[Neuroscience] Re: What electrophysiology software are people using?

jonesmat via neur-sci%40net.bio.net (by jonesmat from physiology.wisc.edu)
Wed Jul 2 17:57:56 EST 2008

On Jun 24, 3:30 pm, Bill <connelly.b... from gmail.com> wrote:
> On Jun 25, 5:42 am, jonesmat <jones... from physiology.wisc.edu> wrote:
> > But even with bugs I think it's better than most other packages. I am
> > not sure it will do the stats you need (but maybe). We always use
> > Prism for KS tests and such, after doing detection & measurement in
> > Axograph.
> > Matt
> Wait, hold the phone. Prism can do KS tests? I know it uses them to
> test for normality, but I didn't think you could use them to test
> between two distributions of your choice. Is that a standard feature?
> What version?
> Axograph is good (indeed the best I have seen), and I was at a
> neuroscience course in Australia (ACANhttp://acan.jcs.anu.edu.au/acan.html)
> with John Clements, the guy who makes Axograph. We were running the PC
> version and it still wasn't 100% stable, certainly not stable enough
> for me to use it for acquisition of data (though John was bug fixing
> throughout the course, so maybe its better now).
> Indeed, if I could get it to work with our CED data loggers I would
> probably be trying to convince the boss the use it.

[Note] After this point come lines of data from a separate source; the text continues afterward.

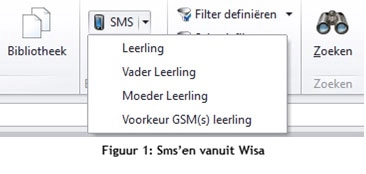 SMS berichten versturen via WISA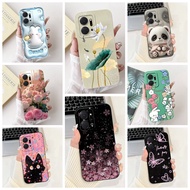 Casing Honor X7 A7A X7B 4G Case Fashion Aesthetic Butterfly Flower Cute Cat Back Cover Honor X7B 5G 
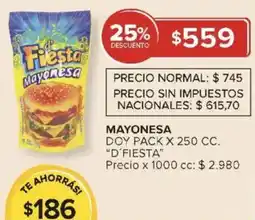 Carrefour D'fiesta mayonesa doy pack oferta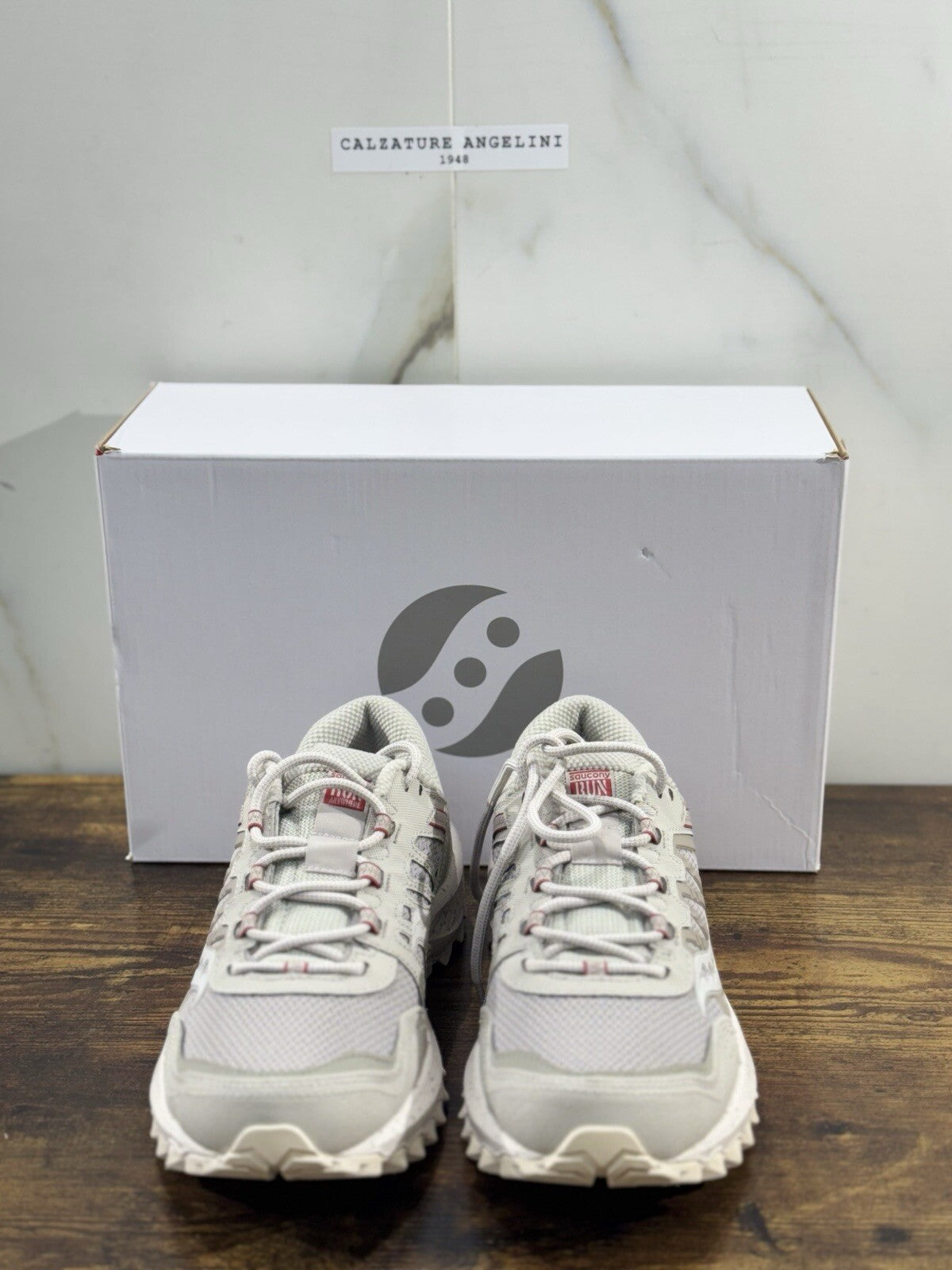 Saucony Grid Peak Sneaker Uomo Grey   Casual Saucony Trail Sneaker 42.5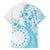 Kia Orana Cook Islands Family Matching Tank Maxi Dress and Hawaiian Shirt Tiare and Stars - Turquoise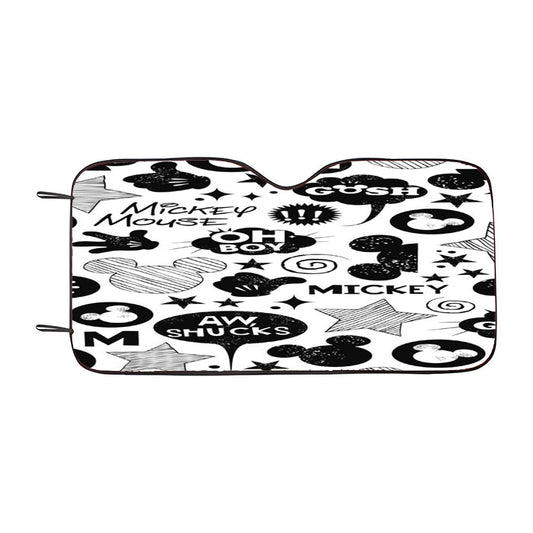 Mickey Mouse Black White Car Auto Sun Shade Windshield Cover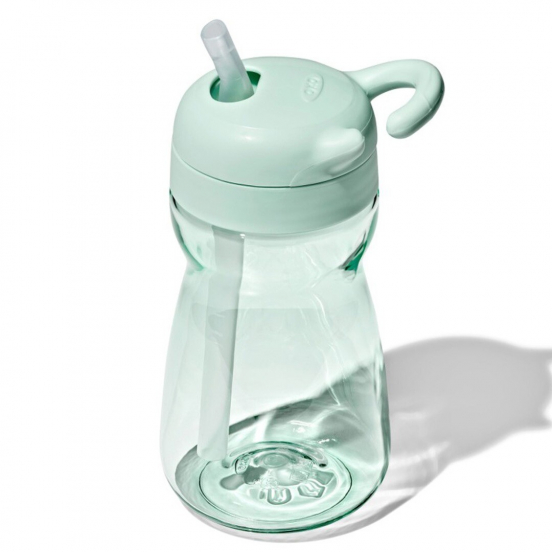 oxo tot drinkfles met rietje - opal - 350 ml 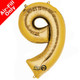 16 inch Anagram Gold Number 9 Foil Balloon (1)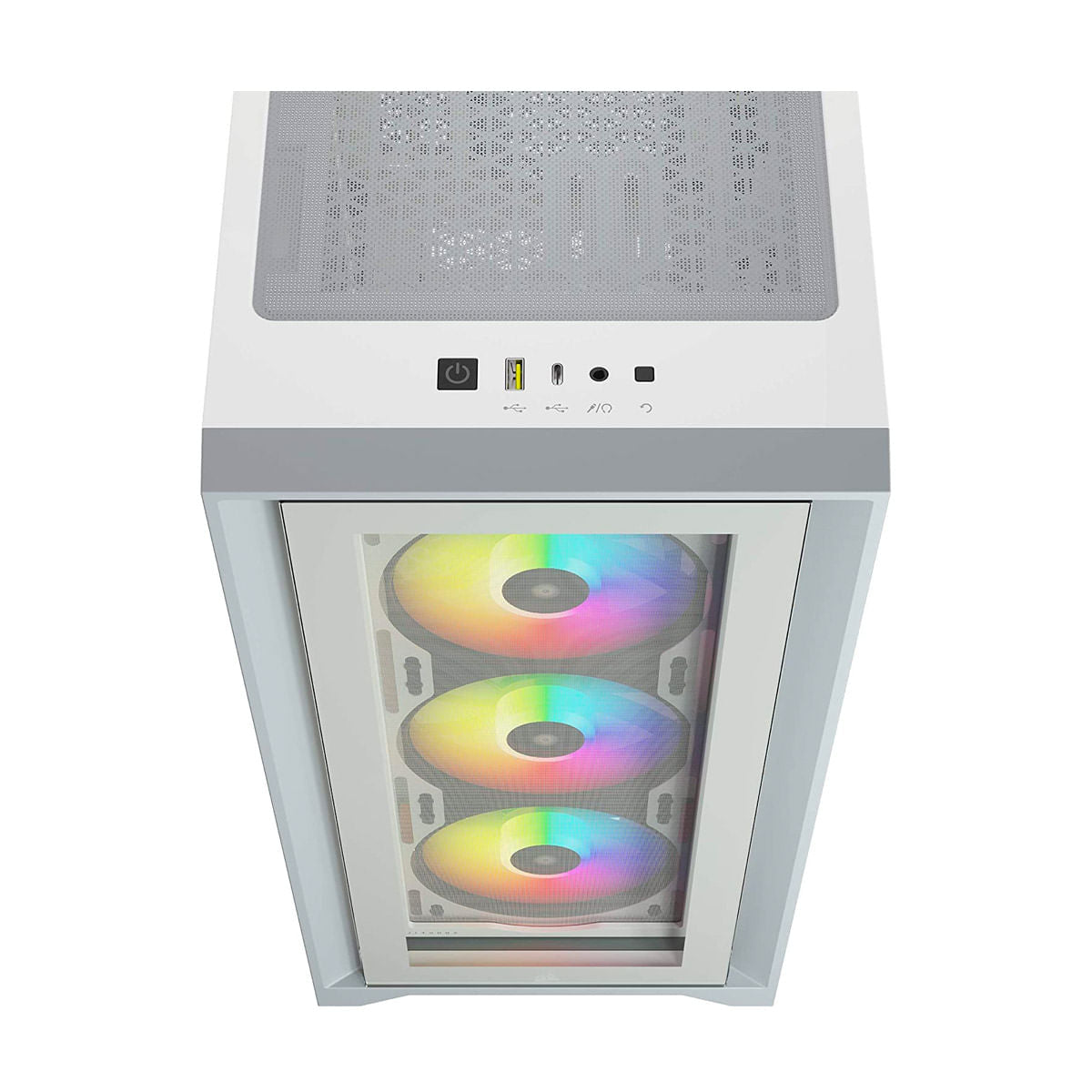 Corsair Gabinete ICUE 4000X RGB ATX Cristal sin Fuente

Sorry, you're right. Prism uses KS to test for normaility but doesn't
have it built in as a standard nonpar test. It does, however, have the
Mann-Whitney, which is the one I always use. It compares median ranks
and is more powerful than KS, except in the case where there are a lot
of identical values between groups (i.e., "ties" - this will
presumably be rare in mini analysis, as long as your gain is set
reasonably high), or when the two groups differ in shape, rather than
in means (i.e., if both have a similar mean, but one has larger tails,
so that the cuulative distributions cross near the middle - also rare
in mini analysis). I'm using Prism 4.0a (2003), so maybe a newer
version would also have KS. Anyway, I think this program rocks, and
the help documentation is actually better than any statistics textbook
I've ever seen. Plus the author (Harvey Motulsky) has been known to
respond helpfully to emails about stats questions (my former postdoc
once got a lot of advicefrom him).

Axograph X v.1.2 is the latest one, and this is a "synchronized update
of both Mac OS X and Windows versions" - according to the recent
announcement. The new website is http://www.axograph.com/.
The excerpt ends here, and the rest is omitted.